Par la suite, dans le cadre de ce stratagème, la victime est informéeque le paiement n'a pas été effectué avec succès, vous demandant de réessayer le transfert. Il peut y en avoir n'importe quel nombre jusqu'à ce que l'utilisateur se rende compte que le montant de son compte diminue. Si la transaction réussit, l'utilisateur est inclus dans ce que l'on appelle la « liste blanche ». fraudeurs, ce qui signifie de nouvelles attaques à l’avenir.

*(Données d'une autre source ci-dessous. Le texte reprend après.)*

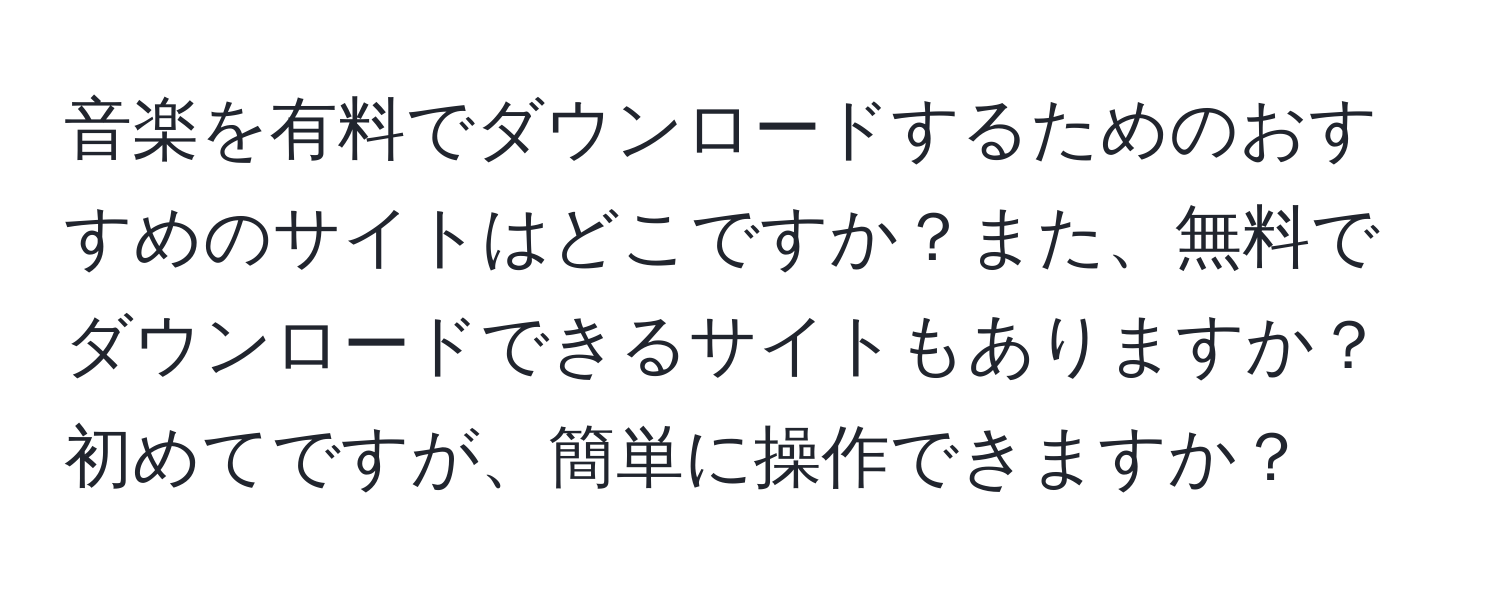 音楽を有料でダウンロードするためのおすすめのサイトはどこですか？また、無料でダウンロードできるサイトもありますか？初めてですが、簡単に操作できますか？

Ainsi, manuellement ou au moyen de programmes spéciauxLes escrocs tentent d'autoriser à partir du numéro de la victime sur tous les sites, auxquels l'accès est possible par numéro de téléphone. Ceci, à son tour, conduit à un flux de messages vers le numéro de l'utilisateur, ce qui rend l'utilisation d'un smartphone peu pratique et peut prendre beaucoup de temps. Par la suite, les escrocs appellent la victime, l'informant de la nécessité d'envoyer des captures d'écran des messages, qui, soit dit en passant, peuvent également être vus avec le code d'accès au site Web de l'organisation de microfinance.

"Si l'utilisateur soumet cette capture d'écran, alorsles attaquants accorderont également un prêt à la victime, car pour une IMF un numéro de téléphone suffit pour un microcrédit. Dans ce cas, l'argent réel du MFO va sur la carte des fraudeurs, et l'utilisateur se retrouve avec une dette formalisée », a prévenu l'expert.